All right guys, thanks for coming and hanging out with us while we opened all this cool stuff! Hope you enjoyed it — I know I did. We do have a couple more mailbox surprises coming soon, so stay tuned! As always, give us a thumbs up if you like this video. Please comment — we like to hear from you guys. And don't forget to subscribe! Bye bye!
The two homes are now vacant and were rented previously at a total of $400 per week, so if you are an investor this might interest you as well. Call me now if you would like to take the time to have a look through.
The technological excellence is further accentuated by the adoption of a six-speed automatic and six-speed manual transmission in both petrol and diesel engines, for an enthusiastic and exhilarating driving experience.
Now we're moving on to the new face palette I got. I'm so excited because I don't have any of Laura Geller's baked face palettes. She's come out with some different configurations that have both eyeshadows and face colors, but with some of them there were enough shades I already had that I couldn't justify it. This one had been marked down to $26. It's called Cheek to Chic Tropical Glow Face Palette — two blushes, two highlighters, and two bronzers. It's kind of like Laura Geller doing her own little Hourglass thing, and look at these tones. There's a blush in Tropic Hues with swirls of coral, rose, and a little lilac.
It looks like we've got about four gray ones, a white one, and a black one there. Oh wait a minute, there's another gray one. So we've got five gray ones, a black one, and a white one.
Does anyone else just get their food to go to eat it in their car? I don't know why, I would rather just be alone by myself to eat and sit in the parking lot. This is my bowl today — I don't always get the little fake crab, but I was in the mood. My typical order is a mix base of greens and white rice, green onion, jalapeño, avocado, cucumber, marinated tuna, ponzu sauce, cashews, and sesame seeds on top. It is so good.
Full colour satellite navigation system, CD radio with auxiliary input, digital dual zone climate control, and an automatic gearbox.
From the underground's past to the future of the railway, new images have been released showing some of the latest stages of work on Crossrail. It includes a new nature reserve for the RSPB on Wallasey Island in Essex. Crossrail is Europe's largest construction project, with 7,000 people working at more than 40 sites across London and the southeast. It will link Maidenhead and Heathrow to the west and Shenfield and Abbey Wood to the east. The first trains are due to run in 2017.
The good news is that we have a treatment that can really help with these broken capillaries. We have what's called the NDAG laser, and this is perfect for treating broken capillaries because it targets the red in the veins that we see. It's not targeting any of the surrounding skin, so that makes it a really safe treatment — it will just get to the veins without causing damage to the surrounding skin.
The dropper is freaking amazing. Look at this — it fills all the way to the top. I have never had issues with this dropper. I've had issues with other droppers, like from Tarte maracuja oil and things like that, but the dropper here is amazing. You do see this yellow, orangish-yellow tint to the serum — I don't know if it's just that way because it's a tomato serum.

◆ What you are asked to do ◆
Return each line exactly, beginning at the start of the material above and ending at the line that includes "The technological excellence", with both of those kept.

◆ Task solution ◆
All right guys, thanks for coming and hanging out with us while we opened all this cool stuff! Hope you enjoyed it — I know I did. We do have a couple more mailbox surprises coming soon, so stay tuned! As always, give us a thumbs up if you like this video. Please comment — we like to hear from you guys. And don't forget to subscribe! Bye bye!
The two homes are now vacant and were rented previously at a total of $400 per week, so if you are an investor this might interest you as well. Call me now if you would like to take the time to have a look through.
The technological excellence is further accentuated by the adoption of a six-speed automatic and six-speed manual transmission in both petrol and diesel engines, for an enthusiastic and exhilarating driving experience.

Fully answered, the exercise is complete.